Could you transcribe exactly the lines below, from the line with "Christmas Sweater Sweatshirt" through the line with "有什么免费的ppt模板软件可以用", and nothing else, leaving out the pictures?
== SUPPLIED MATERIAL ==
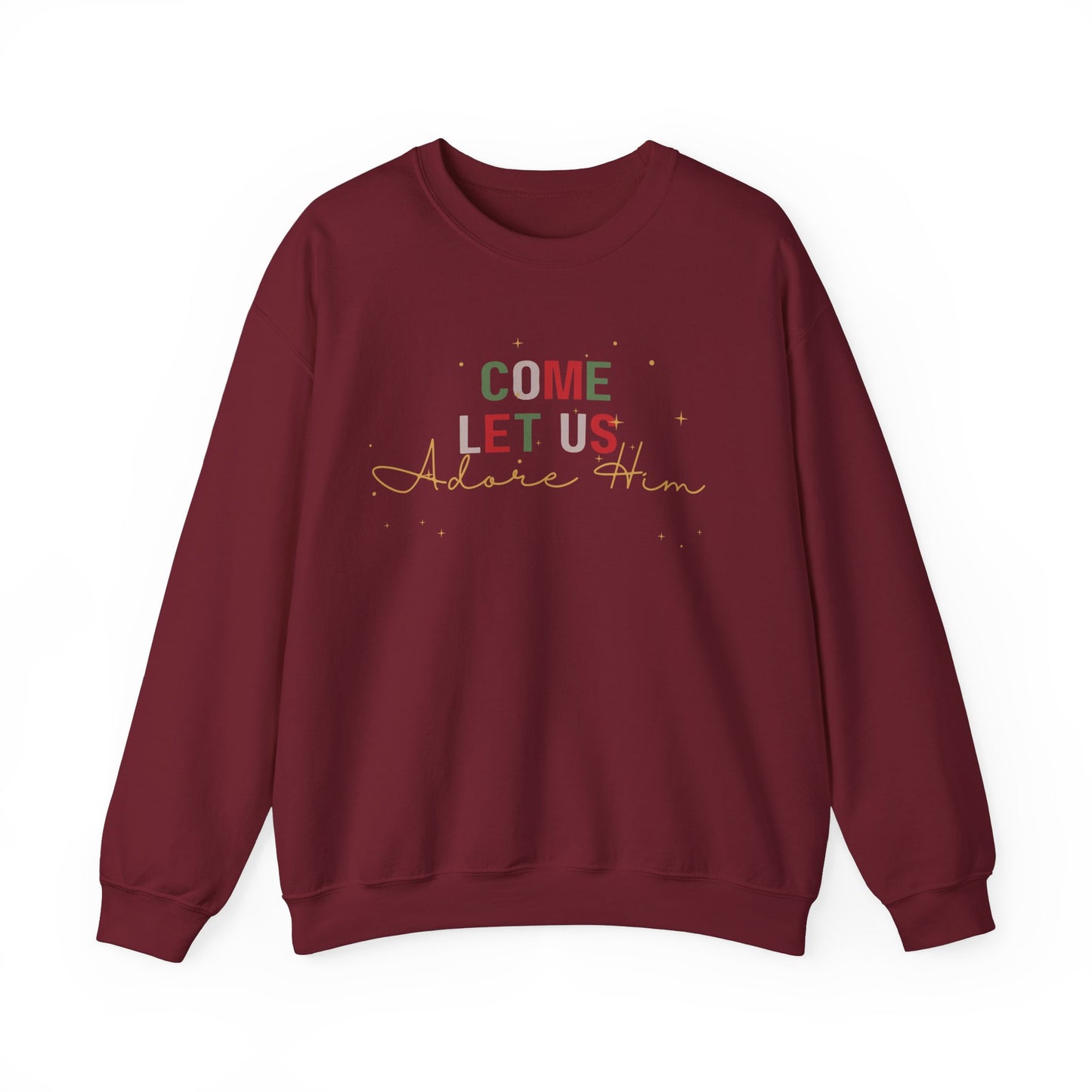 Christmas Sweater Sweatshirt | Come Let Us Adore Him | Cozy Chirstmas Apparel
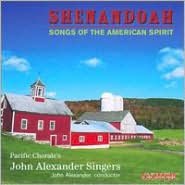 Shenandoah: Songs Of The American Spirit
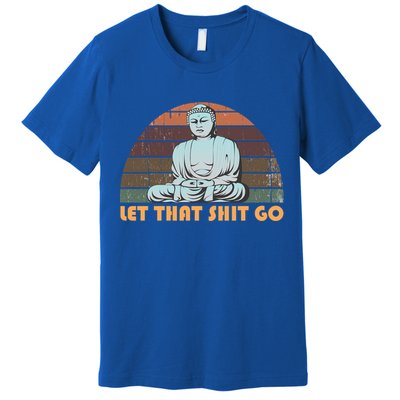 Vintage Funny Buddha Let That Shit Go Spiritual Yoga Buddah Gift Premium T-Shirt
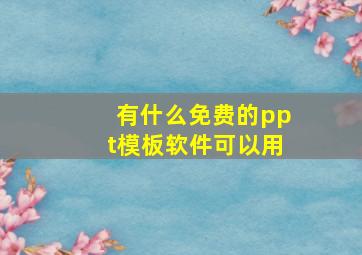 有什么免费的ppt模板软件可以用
===
== SUPPLIED MATERIAL ==
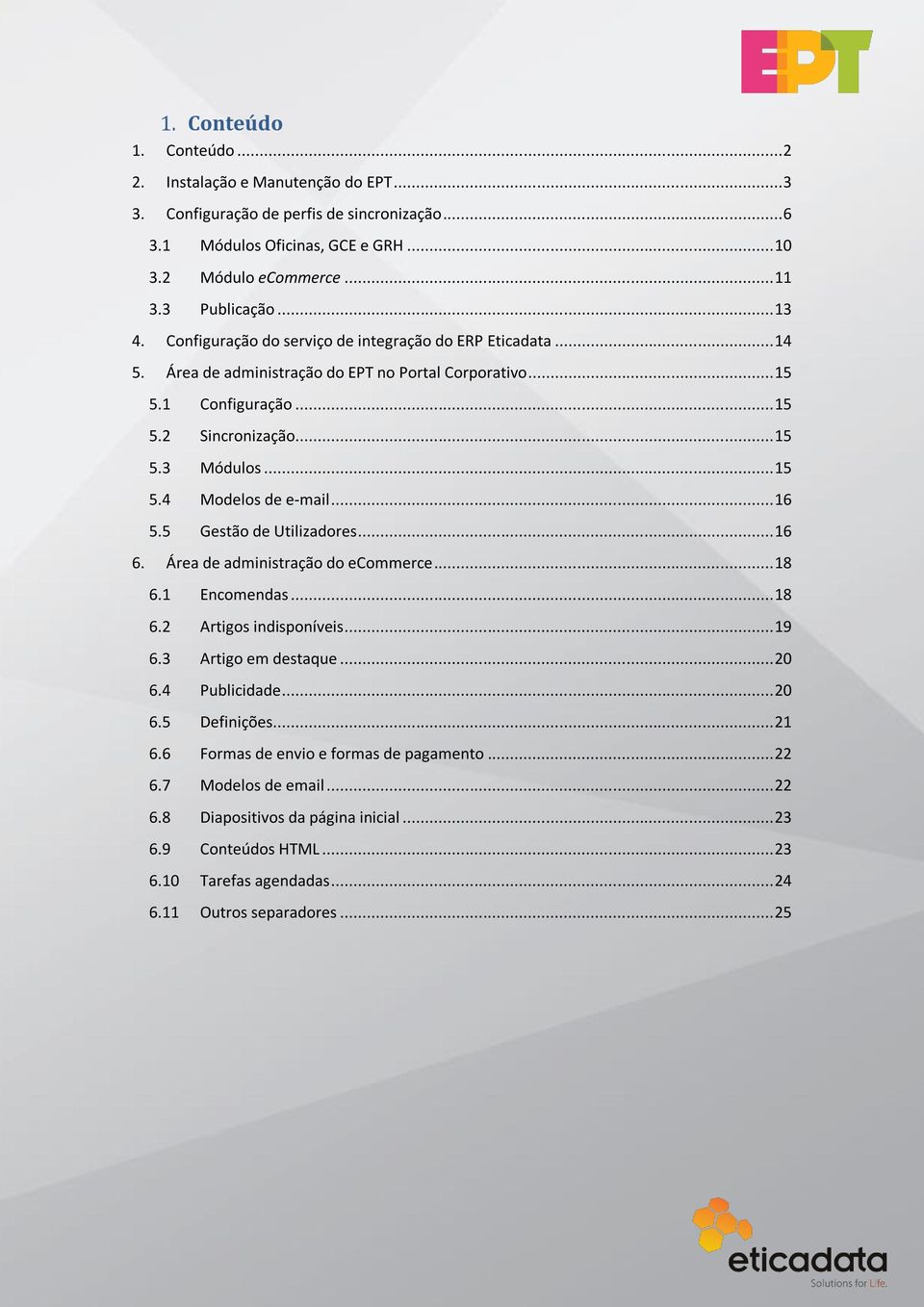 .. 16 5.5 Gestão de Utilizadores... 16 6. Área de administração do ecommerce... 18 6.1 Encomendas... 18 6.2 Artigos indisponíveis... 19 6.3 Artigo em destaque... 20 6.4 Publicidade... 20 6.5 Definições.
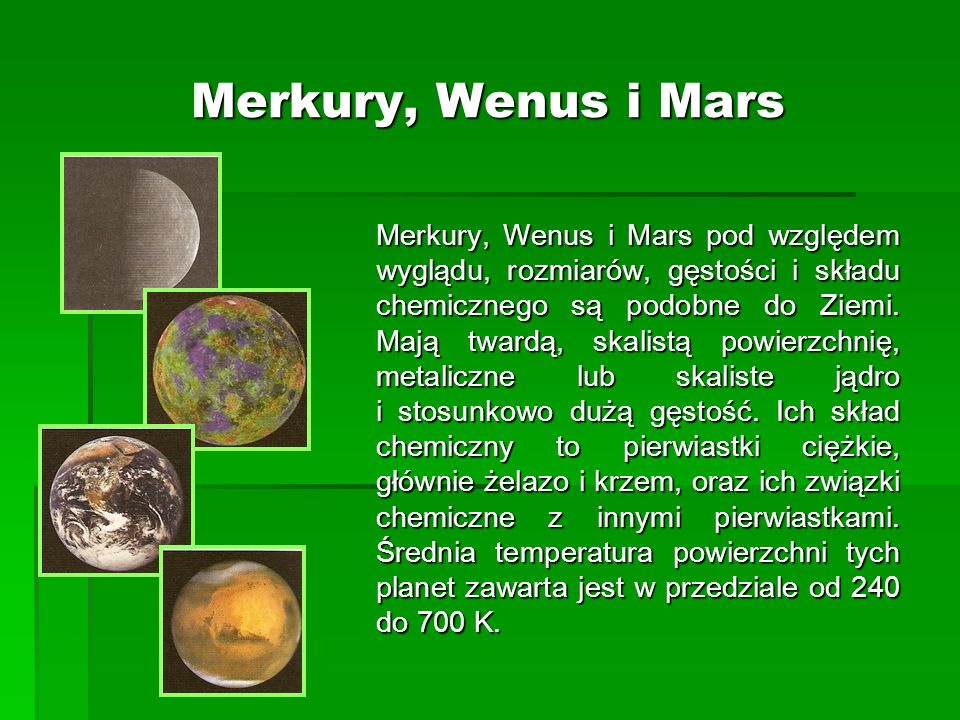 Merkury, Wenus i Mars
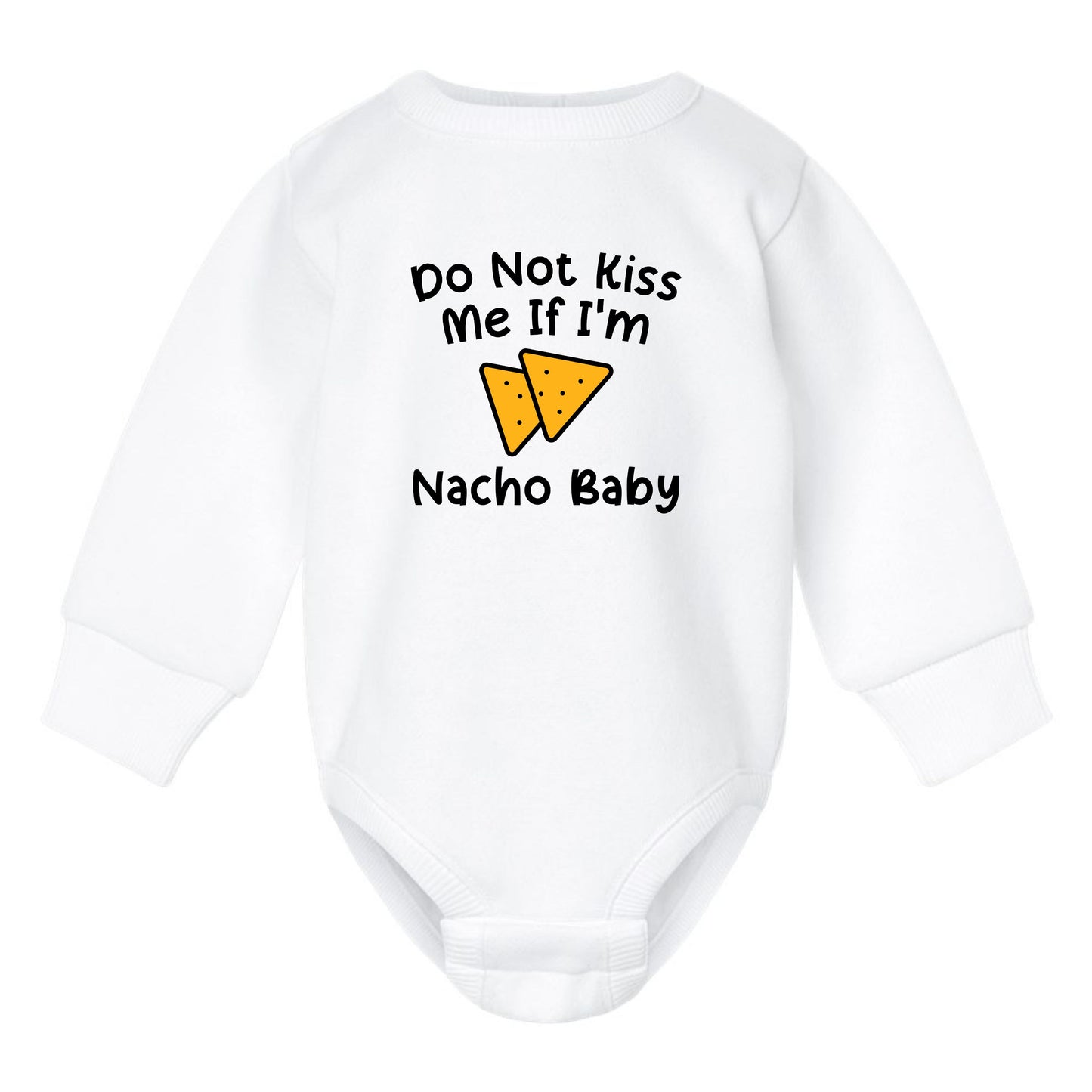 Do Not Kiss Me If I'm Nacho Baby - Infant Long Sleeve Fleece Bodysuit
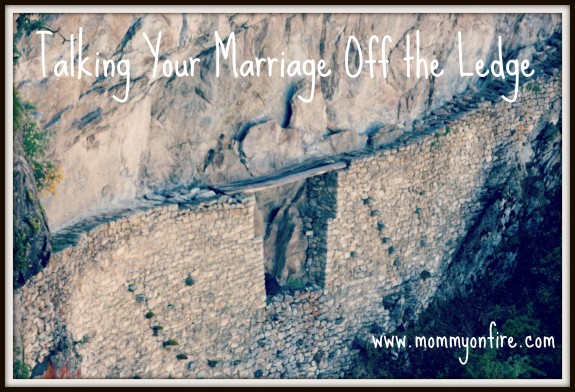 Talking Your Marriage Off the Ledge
===
- RESPONSE TO THE TASK -
 Christmas Sweater Sweatshirt | Come Let Us Adore Him | Cozy Chirstmas Apparel
 Shenandoah: Songs Of The American Spirit
 Vintage Funny Buddha Let That Shit Go Spiritual Yoga Buddah Gift Premium T-Shirt
 有什么免费的ppt模板软件可以用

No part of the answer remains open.